Mi rivolgo a tutti coloro che, stanchi, amareggiati e scoraggiati, hanno
voglia di un cambiamento, di un rinnovamento non formale ma sostanziale.
Basta con quelle parole che, utilizzate con abilità e maestria, sanno
ingannare ed infondere false speranze; basta con gli ambiziosi progetti che
non hanno fondamenti concreti; è il momento dei fatti, delle concretezze, di
dar voce alle insoddisfazioni ed alle esigenze inespresse dei cittadini. E’
il momento della cooperazione e dell’ascolto!
Mi rivolgo a tutti quei cittadini che sperano e credono nella nascita di una
nuova politica “ quella della svolta e del futuro”.
La politica decennale del centro sinistra, condotta all’insegna del
clientelismo e delle false promesse, ormai ha stancato: l’opinione dei
potentini è progressivamente peggiorata nel corso degli ultimi anni, a causa
di un “modus operandi e vivendi” monotono, antiquato e routinario. In un
Comune, segnato dal dissesto finanziario, si continua ad operare all’insegna
dello sperpero delle risorse in opere pubbliche, quelle grandi opere che
hanno ridotto la nostra amata città in un cantiere all’aperto, che
visivamente non offre agli occhi dell’osservatore uno spettacolo piacevole e
concretamente ha comportato (causa ritardi e continui rinvii) gravi disagi
alla popolazione, non offrendo cambiamenti reali e miglioramenti nello stile
e nella qualità della vita.
Mi rivolgo principalmente ai giovani potentini, quei ragazzi che pur avendo
potenzialità ed abilità sono costretti ad emigrare verso “altri lidi”, con
una valigia piena di sogni e speranze ma con tanta tristezza ed amarezza
nell’animo nei confronti di una terra che non è in grado o, forse, non vuole
offrire loro un adeguato futuro.
Sono convinto, e le molte persone con cui quotidianamente mi confronto me ne
danno conferma, che nella nostra regione e nella nostra città si respira un’aria
di cambiamento, di rinnovamento: dobbiamo ricostruire, riacquistare la
fiducia dei nostri cittadini, spazzare via le macerie della politica
potentina del centro sinistra: occorre voltare pagina ed iniziare a scrivere
un nuovo capitolo, di un romanzo che, mi auguro, segni una svolta decisiva
nelle nostre vite!
Iscriviti al Pdl: una realtà, animata da passione e tanta voglia di fare,
intenzionata alla ridefinizione delle idee della politica in
senso costruttivo non disfattivo, all’insegna del perseguimento di obiettivi
reali e concretamente realizzabili!!
Il Pdl non si sottrae a questa importante sfida: occorre dare risposte
concrete alla popolazione, alle nuove generazioni; occorre modificare l’attuale
sistema politico, riformare e modernizzare la città, inaugurando una nuova
ed inedita stagione “di buona politica e di buon governo”.

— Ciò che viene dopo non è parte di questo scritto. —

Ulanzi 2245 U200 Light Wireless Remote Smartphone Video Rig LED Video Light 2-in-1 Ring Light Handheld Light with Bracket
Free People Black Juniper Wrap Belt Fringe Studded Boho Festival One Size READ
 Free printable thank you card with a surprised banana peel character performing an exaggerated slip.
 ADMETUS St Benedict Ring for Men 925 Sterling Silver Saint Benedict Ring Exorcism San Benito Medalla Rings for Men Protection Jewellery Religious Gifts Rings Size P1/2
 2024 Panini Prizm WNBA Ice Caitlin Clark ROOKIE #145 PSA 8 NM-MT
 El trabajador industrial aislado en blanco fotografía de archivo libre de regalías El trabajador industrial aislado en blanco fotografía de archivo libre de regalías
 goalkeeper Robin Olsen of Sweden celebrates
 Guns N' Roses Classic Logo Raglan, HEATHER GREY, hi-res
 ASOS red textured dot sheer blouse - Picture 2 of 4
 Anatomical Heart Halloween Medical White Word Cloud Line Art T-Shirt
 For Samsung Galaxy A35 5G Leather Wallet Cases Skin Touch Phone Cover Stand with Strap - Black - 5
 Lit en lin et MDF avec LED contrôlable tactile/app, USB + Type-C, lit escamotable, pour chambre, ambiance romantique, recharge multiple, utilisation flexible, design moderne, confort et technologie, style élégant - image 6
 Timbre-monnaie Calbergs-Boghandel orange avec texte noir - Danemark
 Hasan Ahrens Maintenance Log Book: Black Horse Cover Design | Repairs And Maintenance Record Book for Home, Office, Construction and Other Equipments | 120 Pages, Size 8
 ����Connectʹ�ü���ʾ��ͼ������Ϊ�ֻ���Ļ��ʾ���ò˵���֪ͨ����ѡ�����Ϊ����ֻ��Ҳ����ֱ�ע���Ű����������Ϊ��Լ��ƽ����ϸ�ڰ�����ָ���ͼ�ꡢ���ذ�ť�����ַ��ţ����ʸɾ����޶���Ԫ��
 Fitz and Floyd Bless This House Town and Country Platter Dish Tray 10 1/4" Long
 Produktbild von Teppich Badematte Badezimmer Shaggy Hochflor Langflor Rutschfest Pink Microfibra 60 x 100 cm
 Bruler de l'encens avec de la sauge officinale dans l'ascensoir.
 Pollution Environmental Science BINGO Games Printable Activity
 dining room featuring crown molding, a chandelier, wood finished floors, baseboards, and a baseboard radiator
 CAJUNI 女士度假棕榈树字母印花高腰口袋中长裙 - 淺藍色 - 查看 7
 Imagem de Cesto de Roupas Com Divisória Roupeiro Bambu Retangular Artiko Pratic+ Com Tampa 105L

Voglio che con il PdL assumano sempre più importanza e centralità la
famiglia ed i giovani, primo bene comune per tutte le politiche sociali e di
welfare, in un dialogo continuo con le istituzioni ed i rappresentanti
politici sul territorio, animato da un’idea di sviluppo, solidarietà e
crescita.
Il PdL vuole condividere con voi cittadini potentini il suo progetto
culturale, prima ancora che politico, di ricostruzione e di radicamento sul
territorio di un nuovo grande partito, alternativo alla vecchia e alla nuova
sinistra.
Siamo disponibili al dialogo e alla costruzione “insieme”, capaci di
ascoltare e di coinvolgervi nelle nostre scelte politiche.
Chiediamo a tutti, infine, una più condivisa e più incisiva partecipazione a
questo processo di cambiamento e rinnovamento affinché anche voi diventiate
artefici e protagonisti del vostro futuro e del futuro dei vostri figli.